## Install required libraries
#install.packages("readxl")
#install.packages("tidyverse")
#install.packages("tseries")
#install.packages("forecast")
#install.packages("dplyr")
#install.packages("ggplot2")
#install.packages("zoo")
# Load libraries
library(readxl)
library(tidyverse)
## ── Attaching core tidyverse packages ──────────────────────── tidyverse 2.0.0 ──
## ✔ dplyr 1.1.4 ✔ readr 2.1.5
## ✔ forcats 1.0.0 ✔ stringr 1.5.1
## ✔ ggplot2 3.5.1 ✔ tibble 3.2.1
## ✔ lubridate 1.9.3 ✔ tidyr 1.3.1
## ✔ purrr 1.0.2
## ── Conflicts ────────────────────────────────────────── tidyverse_conflicts() ──
## ✖ dplyr::filter() masks stats::filter()
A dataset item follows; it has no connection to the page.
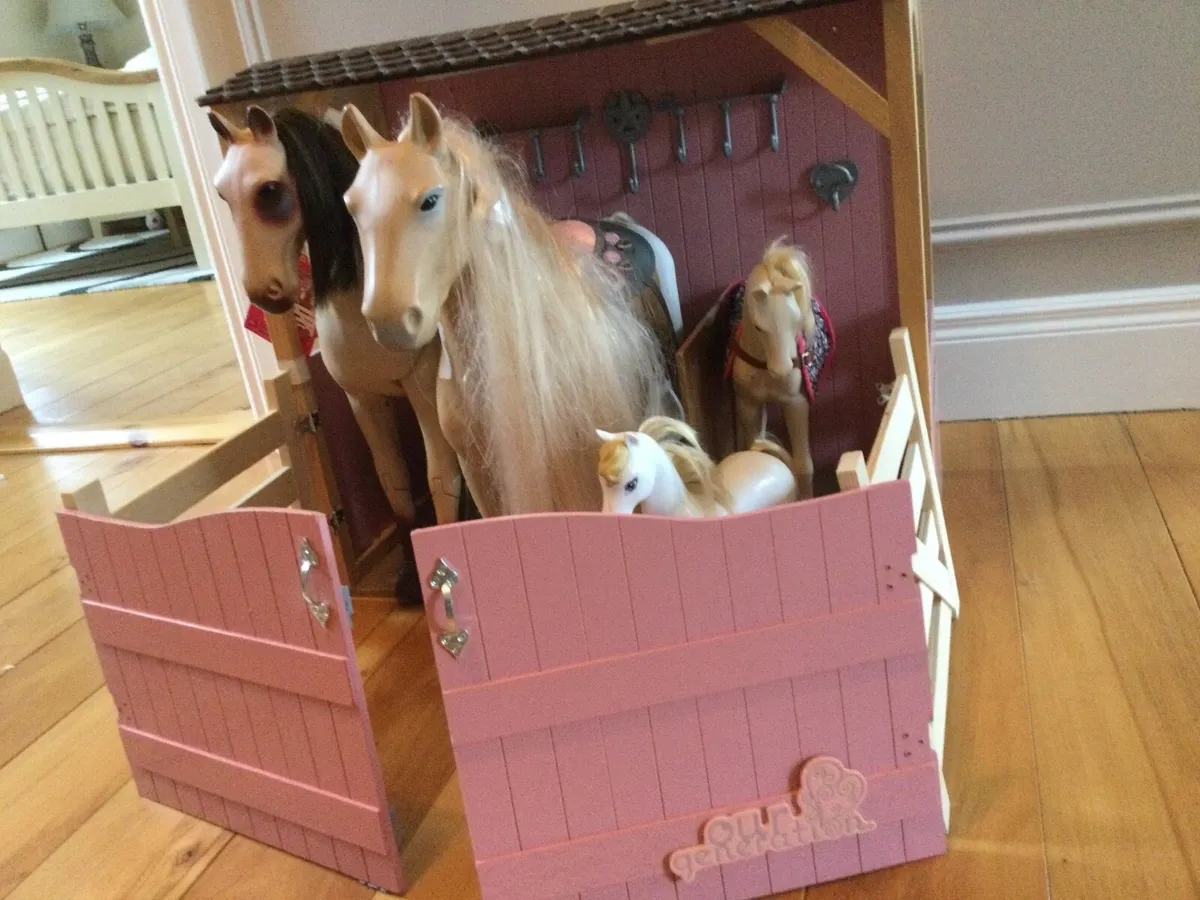 Kids toy horses and stables - Image 3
## ✖ dplyr::lag() masks stats::lag()
## ℹ Use the conflicted package (<http://conflicted.r-lib.org/>) to force all conflicts to become errors
library(tseries)
## Registered S3 method overwritten by 'quantmod':
## method from
## as.zoo.data.frame zoo
library(forecast)
library(dplyr)
library(ggplot2)
library(zoo)
##
## Attaching package: 'zoo'
##
## The following objects are masked from 'package:base':
##
## as.Date, as.Date.numeric
# Call the database
base <- read_excel("~/Desktop/ciencia de datos/PIB_trimestral_INEGI.xlsx")
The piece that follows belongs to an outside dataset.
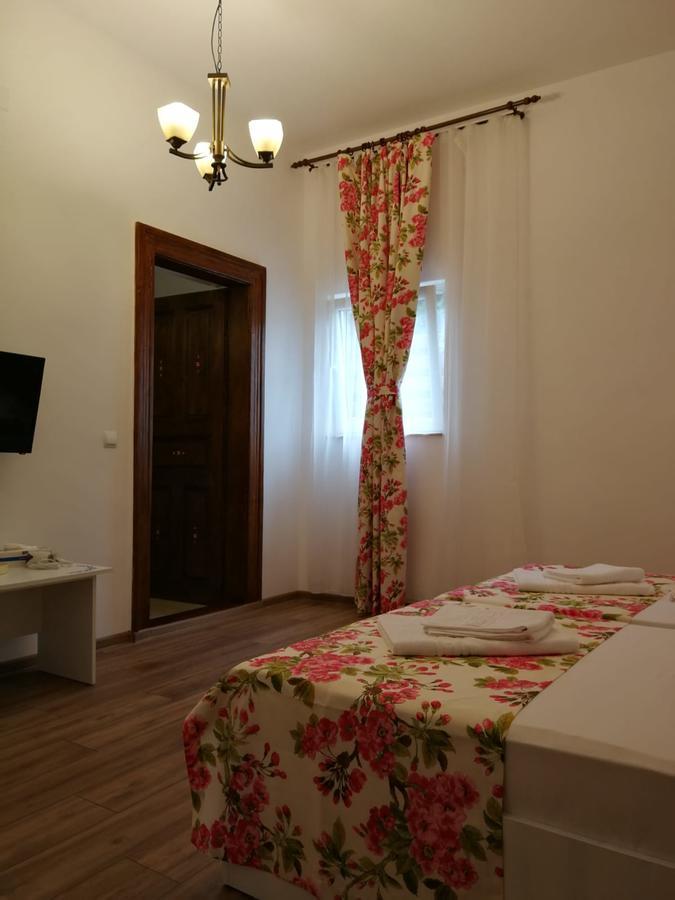 Pensiunea Geostar 2 Curtea de Argeş Exterior foto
# 1.Transform it into a time series
mx_q <- base %>%
pivot_longer(cols = starts_with("T"),
names_to = "trimestre",
values_to = "pib") %>%
arrange(Año, trimestre)
# 2.Plot PIB (INEGI)
gdp_q <- ts(mx_q$pib,
start = c(min(mx_q$Año), 1), # T1
frequency = 4)
plot(gdp_q, main = "Quarterly GDP (INEGI)", ylab = "GDP", xlab = "Year")

# 3. Stationarity test
adf.test(gdp_q)
##
## Augmented Dickey-Fuller Test
##
## data: gdp_q
## Dickey-Fuller = -3.4461, Lag order = 5, p-value = 0.04938
## alternative hypothesis: stationary
# p-value < 0.05, is stationary (0.04938)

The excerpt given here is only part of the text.